# iPhone integration, mismatched info displayed



## whitelightning (Dec 6, 2018)

As I get used to the car, the iPhone integration leaves a LOT to be desired.


----------



## JasonF (Oct 26, 2018)

I've had that happen before playing Spotify or Apple Music (I forget which) on my iPhone...except not with this car! It was in my last car, a Mitsubishi! So it's not the Tesla's fault.


----------



## babula (Aug 26, 2018)

whitelightning said:


> As I get used to the car, the iPhone integration leaves a LOT to be desired.
> View attachment 18747


What exactly is wrong with the iPhone integration? Your picture is very blurry but I'm guessing you are referring to the image mismatch? That has nothing to do with phone integration.


----------



## whitelightning (Dec 6, 2018)

It was blurry because low light and a bad shot. I just thought the combination of words was funny. I’m used to CarPlay and this is a big step down even with voice control. I can use Siri but that’s not ideal when the car has its own system.


----------



## kort677 (Sep 17, 2018)

first world issues. I agree carplay is a far superior way to integrate the phone's abilities to the car but sadly tesla did not go that way. I view it as that I bought a car, not an entertainment center. what that means is the value of operation/performance of the car far outweighs the infotainment system offered in the car.


----------



## whitelightning (Dec 6, 2018)

I just ask for a little better integration for calling contacts, or texting. Siri sort of works, but not perfectly.


----------



## babula (Aug 26, 2018)

whitelightning said:


> It was blurry because low light and a bad shot. I just thought the combination of words was funny. I'm used to CarPlay and this is a big step down even with voice control. I can use Siri but that's not ideal when the car has its own system.

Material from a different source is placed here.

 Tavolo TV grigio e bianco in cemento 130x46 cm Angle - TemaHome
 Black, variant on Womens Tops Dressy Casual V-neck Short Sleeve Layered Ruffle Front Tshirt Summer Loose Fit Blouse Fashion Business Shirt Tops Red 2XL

There was a really bad one making its way around the interwebs...

__
https://www.reddit.com/r/teslamotors/comments/9q48nf

Slacker needs to improve their service or Tesla needs to switch off from them in my opinion. It's a decent service for now, but it won't cut it long term.

IMO overall this system is superior to CarPlay, but it depends on your needs I guess.


----------



## whitelightning (Dec 6, 2018)

With all the streaming and podcast services out there, they should be able to come up with better than slacker and tunein.


----------



## Kizzy (Jul 25, 2016)

This was close. Electrek podcast with an EV-related album art.










One thing I've noticed about numbers is that the car rounds up and the phone rounds down.


----------